Yet another convenient way to look at the stats emitted by an Envoy sidecar is via the Envoy dashboard:

istioctl dashboard envoy deploy/fortio

In the web ui, click on the "stats" endpoint, and filter by target outbound cluster "web-frontend".

Resolving the errors

To resolve these errors, we can adjust the circuit breaker settings.

Increase the maximum number of concurrent requests to 2 (http2MaxRequests), as shown below:

apiVersion: networking.istio.io/v1alpha3
kind: DestinationRule
metadata:
  name: web-frontend
spec:
  host: web-frontend.default.svc.cluster.local
  trafficPolicy:
    connectionPool:
      http:
        http1MaxPendingRequests: 1
        http2MaxRequests: 2
        maxRequestsPerConnection: 1

Save the above YAML to cb-web-frontend.yaml and apply the changes:

kubectl apply -f cb-web-frontend.yaml

If we re-run Fortio with the same parameters, we'll notice less failures this time:

kubectl exec deploy/fortio -c fortio -- \
  fortio load -c 2 -qps 0 -n 50 -quiet web-frontend
...
Code 200 : 39 (78.0 %)
Code 503 : 11 (22.0 %)

Since we're sending more than 1 request per connection, we can increase the maxRequestsPerConnection to 2:

apiVersion: networking.istio.io/v1alpha3
kind: DestinationRule
metadata:
  name: web-frontend
spec:
  host: web-frontend.default.svc.cluster.local
  trafficPolicy:
    connectionPool:
      http:
        http1MaxPendingRequests: 1
        http2MaxRequests: 2
        maxRequestsPerConnection: 2

Save the above YAML to cb-web-frontend.yaml and apply the changes:

kubectl apply -f cb-web-frontend.yaml

If we re-run Fortio this time, we'll get zero or close to zero HTTP 503 responses.

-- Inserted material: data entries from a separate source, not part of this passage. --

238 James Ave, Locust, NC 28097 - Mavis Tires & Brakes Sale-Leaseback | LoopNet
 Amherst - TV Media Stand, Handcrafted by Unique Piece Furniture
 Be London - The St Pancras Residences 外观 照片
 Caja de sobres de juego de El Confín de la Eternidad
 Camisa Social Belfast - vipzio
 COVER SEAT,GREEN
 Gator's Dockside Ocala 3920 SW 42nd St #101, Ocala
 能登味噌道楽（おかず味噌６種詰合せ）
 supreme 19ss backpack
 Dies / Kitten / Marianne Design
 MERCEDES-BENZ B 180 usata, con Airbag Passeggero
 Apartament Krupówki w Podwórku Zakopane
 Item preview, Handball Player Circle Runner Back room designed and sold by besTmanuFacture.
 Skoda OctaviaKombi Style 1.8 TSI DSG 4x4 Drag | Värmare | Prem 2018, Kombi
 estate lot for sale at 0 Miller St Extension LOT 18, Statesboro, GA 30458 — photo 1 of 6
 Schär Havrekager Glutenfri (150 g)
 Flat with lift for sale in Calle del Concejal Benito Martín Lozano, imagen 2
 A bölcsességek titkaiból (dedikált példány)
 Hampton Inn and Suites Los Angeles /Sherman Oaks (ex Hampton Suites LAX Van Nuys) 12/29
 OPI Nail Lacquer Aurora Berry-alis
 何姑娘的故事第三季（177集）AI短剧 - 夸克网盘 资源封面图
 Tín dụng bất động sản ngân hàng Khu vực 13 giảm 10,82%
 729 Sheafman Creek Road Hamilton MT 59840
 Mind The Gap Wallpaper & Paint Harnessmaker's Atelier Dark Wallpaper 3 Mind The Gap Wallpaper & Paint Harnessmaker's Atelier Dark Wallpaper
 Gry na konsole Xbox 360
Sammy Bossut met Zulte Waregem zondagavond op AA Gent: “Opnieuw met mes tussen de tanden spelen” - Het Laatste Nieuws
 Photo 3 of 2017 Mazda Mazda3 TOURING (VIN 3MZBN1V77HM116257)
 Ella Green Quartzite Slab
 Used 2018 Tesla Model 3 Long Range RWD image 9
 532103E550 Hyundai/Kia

Even if we increase the number of requests per second, we should only get a small number of 503 responses. To get rid of the remaining failing requests, we can increase the http1MaxPendingRequests to 2:

apiVersion: networking.istio.io/v1alpha3
kind: DestinationRule
metadata:
  name: web-frontend
spec:
  host: web-frontend.default.svc.cluster.local
  trafficPolicy:
    connectionPool:
      http:
        http1MaxPendingRequests: 2
        http2MaxRequests: 2
        maxRequestsPerConnection: 2

With these settings (assuming 2 concurrent connections), we can easily handle a higher number of requests.

To be clear, the numbers we used in settings are just examples and are not realistic - we set them intentionally low to make the circuit breaker easier to trip.

Before continuing, delete the DestinationRule:

kubectl delete destinationrule web-frontend

Reset the metric counters:

kubectl exec deploy/fortio -c istio-proxy -- \
  curl -X POST localhost:15000/reset_counters

Outlier detection

The circuit breaker is great when we want to protect the services from a sudden burst of requests. However, how can we protect the services in case of failures?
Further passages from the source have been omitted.